A decade ago you could have packed everyone who showed up at an event like this in a pint-sized 7-11. Those days are gone. Last year, attendance at this event topped 13,000. This year? More than 23,000. And it wasn't just exhibitors (though there were close to 2,000 of them there as well). The roster of key policymakers who participated at WINDPOWER 2009 was impressive, including Interior Secretary Ken Salazar, Energy Secretary Steven Chu, and FERC Chairman Jon Wellinghof. All of them echoed the statements made by President Obama that alternative energy and renewables are important elements in this administration's energy plan.
That's not just sound energy policy but it's good for the economy as well. Business is booming in the wind energy sector, and you know who is most keenly aware of that? America's governors. Over the last year as I've been promoting the Pickens Plan, I've met wind state governors such as Brian Schweitzer of Montana, Bill Richardson of New Mexico, and Jon Huntsman of Utah. Back when she was Governor of Kansas, Health and Human Services Secretary Kathleen Sebelius hosted the very first Pickens Plan Town Hall Meeting in Topeka.
But what really stood out was the governors who attended WINDPOWER in Chicago were not from traditional wind power states. They were from Michigan, Wisconsin, Iowa, Ohio, and of course, Illinois. If you take a look at the Energy Department's wind map, you'll see that these states are not in the Wind Corridor, which runs the length of the Great Plains from the Texas Panhandle to the Canadian border. Yet, they are profiting from wind energy, thanks to the enormous number of job that are being created to manufacture turbines and other equipment, build infrastructure, and improve efficiency. These states have a vested interest in wind energy.
We all do. Right now there are wind farms and manufacturing facilities in 48 out of 50 states. While our country is fighting its way out of a recession, this industry and others in the burgeoning green economy are bright spots, creating permanent, good-paying jobs, putting people to work, and helping America cement its status as a global leader in the energy industry.
This is one of the basic principles of the Pickens Plan, and it goes straight to the heart of what I've been talking about since I launched the plan last July. Right here in America, we've got plenty of energy waiting to be tapped.

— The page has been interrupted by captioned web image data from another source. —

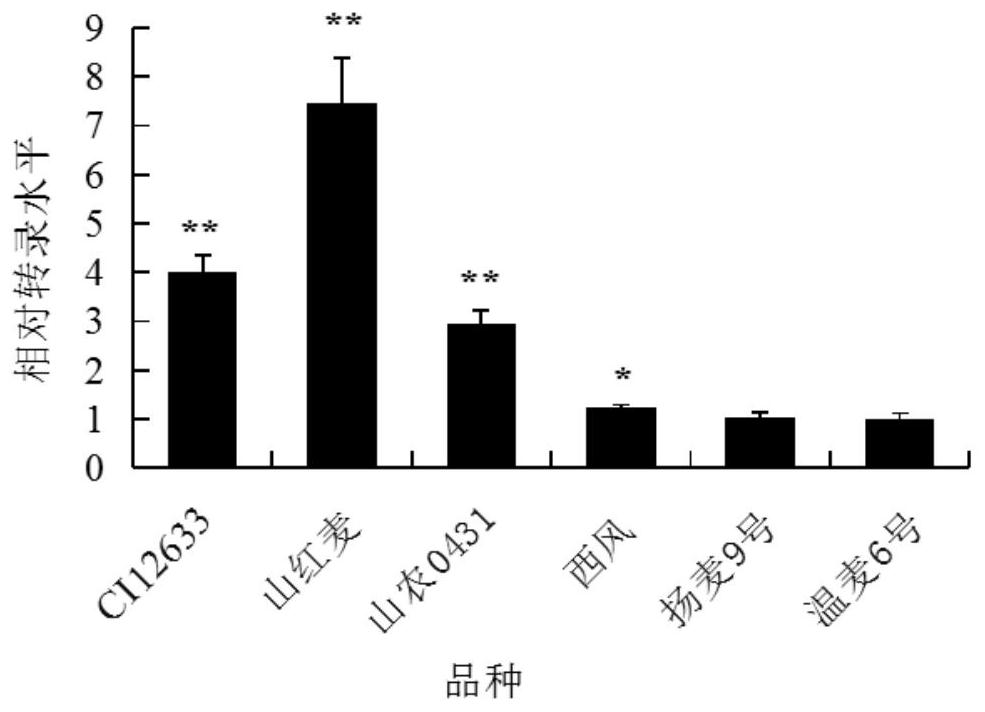 Wheat disease resistance protein taafrk and its related biomaterials and applications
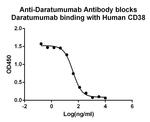 Daratumumab Antibody in ELISA (ELISA)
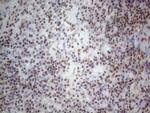 NR2C2 Antibody in Immunohistochemistry (Paraffin) (IHC (P))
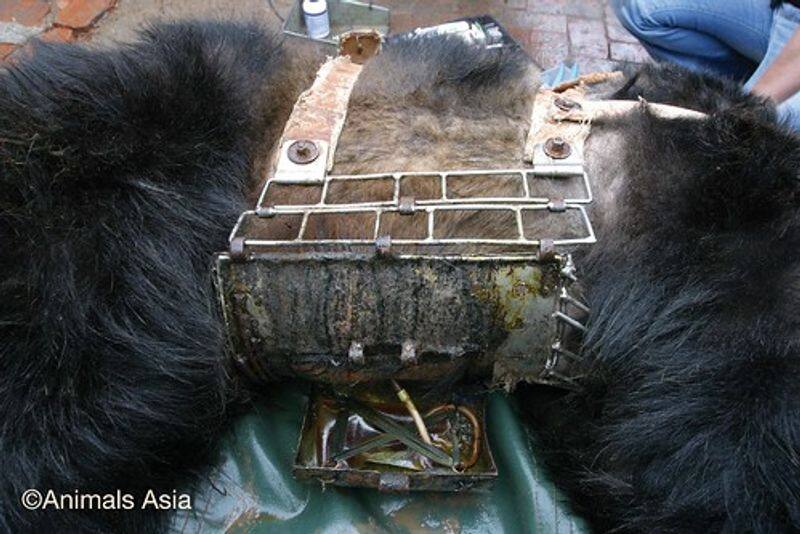 China promotes bear bile as coronavirus cure by T Arun Kumar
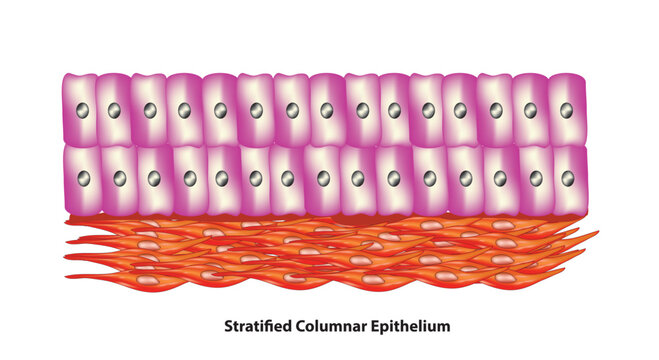 Stratified Columnar Epithelium, epithelial tissue rare type of  tissue composed column-shaped cells arranged in multiple layers.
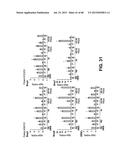 METHODS OF ISOLATING AND CULTURING STEM CELLS diagram and image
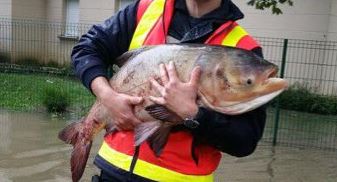 Η ΦΩΤΟ από την πλημμυρισμένη Γαλλία που έγινε viral
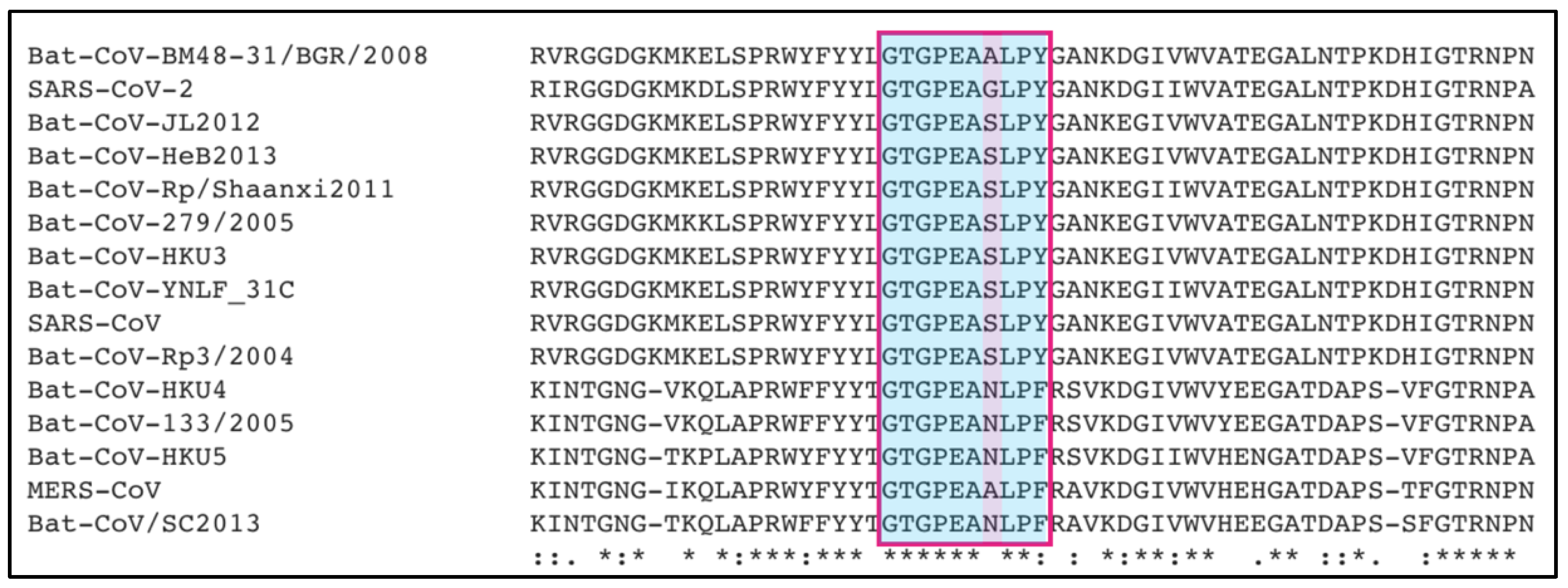 Viruses 13 00312 g002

The only problem is that for the last four decades we haven't had the leadership to harness it or develop it or drill for it. Instead, we took the easy way out. Cheap imported oil became the crutch that everyone leaned on, only now we know it's not cheap anymore.
Last year, as our economy stalled, we spent $475 billion on imported oil. Can you believe that? I can't. Half a trillion dollars. The greatest transfer of wealth in recorded history. And to make matters worse we still haven't learned our lesson. According to figures just released, our trade deficit on oil imports widened in March for the first time in eight months. We're still importing more than two-thirds of the oil we consume, and that's got to stop.
The purpose of the Pickens Plan was to put a lot of ideas on the table in order to help our country develop the energy plan it so desperately needs and deserves. Wind energy is one of the best, and if you don't believe me come to Dallas next year and see for yourself at WINDPOWER 2010.